We display the stratigraphy of the Transvaal subbasin up to the Dwaalheuvel Formation, which has the first widely accepted terrestrial red-bed sandstones in southern Africa, deposited in a fluvial to fluviodeltaic setting (12, 13). These red beds overlie oxic paleosols developed on the upper contact of the subaerial Hekpoort basalts (13) that are younger than ca. 2,250–2,240 Ma based on the age of a small number of detrital zircons in intercalated volcanoclastic sandstone (11) and the 2,256 ± 6 Ma U-Pb zircon age of a tuff in the underlying upper Timeball Hill Formation (9). Well-developed hematitic ooliths and pisoliths in fluviodeltaic deposits of the middle Timeball Hill Formation (68) constrain a significant rise in atmospheric oxygen level to have occurred well before extrusion of the Hekpoort Formation basalts and development of its overlying paleosol (12).
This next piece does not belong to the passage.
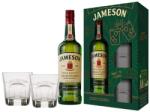 Jameson whiskey DD 2 pohárral DRS (0, 7L / 40%)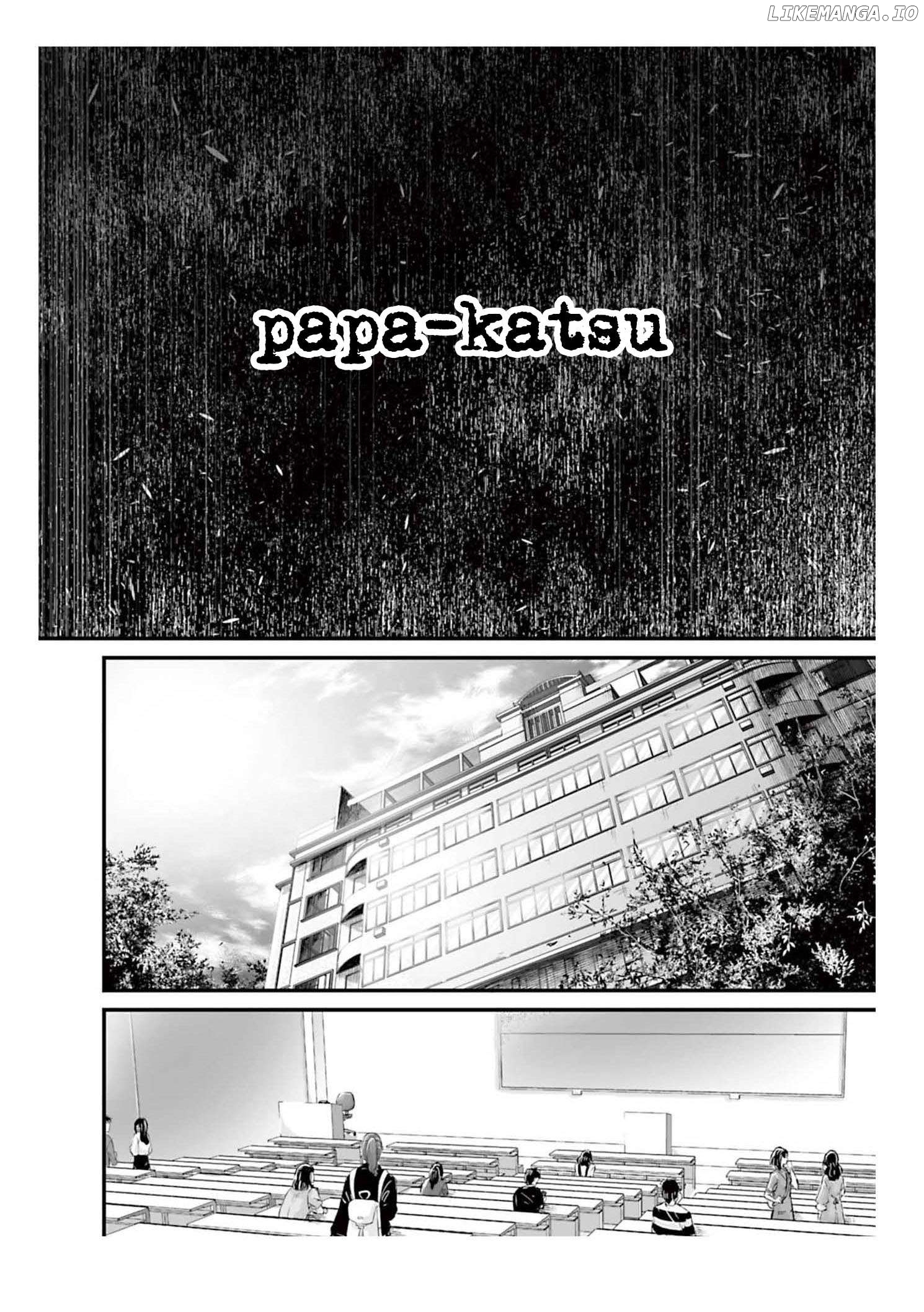 Fear: Reiwa Kaidan Chapter 1 - page 3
Fig. 1 also summarizes the record of mass-independent sulfur isotope fractionations being either present or absent (MIF-S vs. no MIF-S, respectively) as currently available in the literature (23, 24, 69⇓–71). Combining this record with that of other redox indicators (Table S2), we conclude that the onset of the GOE (1) was approximately coeval with the oldest Paleoproterozoic glaciation and the submarine extrusion of the up to ∼800-m thick Ongeluk Formation basalts (i.e., ca. 2,426 Ma) and postdates the last robust record of well-rounded detrital pyrite and rare uraninite grains in the Koegas Subgroup (22). Interestingly and puzzlingly, the upper Koegas Subgroup might also contain the potentially oldest red beds with detrital grains coated by hematite (65), although this interpretation remains to be further tested. Given the notable recurrence of an MIF-S signature in the lower Duitschland and Rooihoogte formations (23, 24), we conclude that this record resolves at least two oscillations back through the threshold of 10⁻⁵ PAL of oxygen (42). Lack of a Ce anomaly in carbonates of the upper Mooidraai Formation, following a negative anomaly in Mn-rich deposits of the underlying Hotazel Formation (21), is also inconsistent with a simple monotonic rise in atmospheric oxygen levels after the initial onset of GOE.

If our stratigraphic interpretations are correct, the onset of GOE is now geochronologically well-constrained to have occurred between ca. 2,460 Ma (72) and our precise U-Pb age of 2,426 ± 3 Ma for the Ongeluk Formation in the Transvaal Supergroup. Adding constraints from the Huronian Supergroup in Canada, where detrital pyrite grains persist well above the now well-dated ca. 2,460–2,455 Ma lower Huronian volcanic rocks (8, 10), tighten the age constraint closer to our Ongeluk Formation age. The tempo and rhythm of the GOE were likely complex, perhaps driven by various nonlinear processes, with current data resolving at least two major oscillations of atmospheric oxygen levels through the MIF-S threshold. Global interbasinal correlations based largely on the assumption of a single MIF-S to no MIF-S transition (2) might be erroneous in the absence of independent stratigraphic and geochronologic constraints.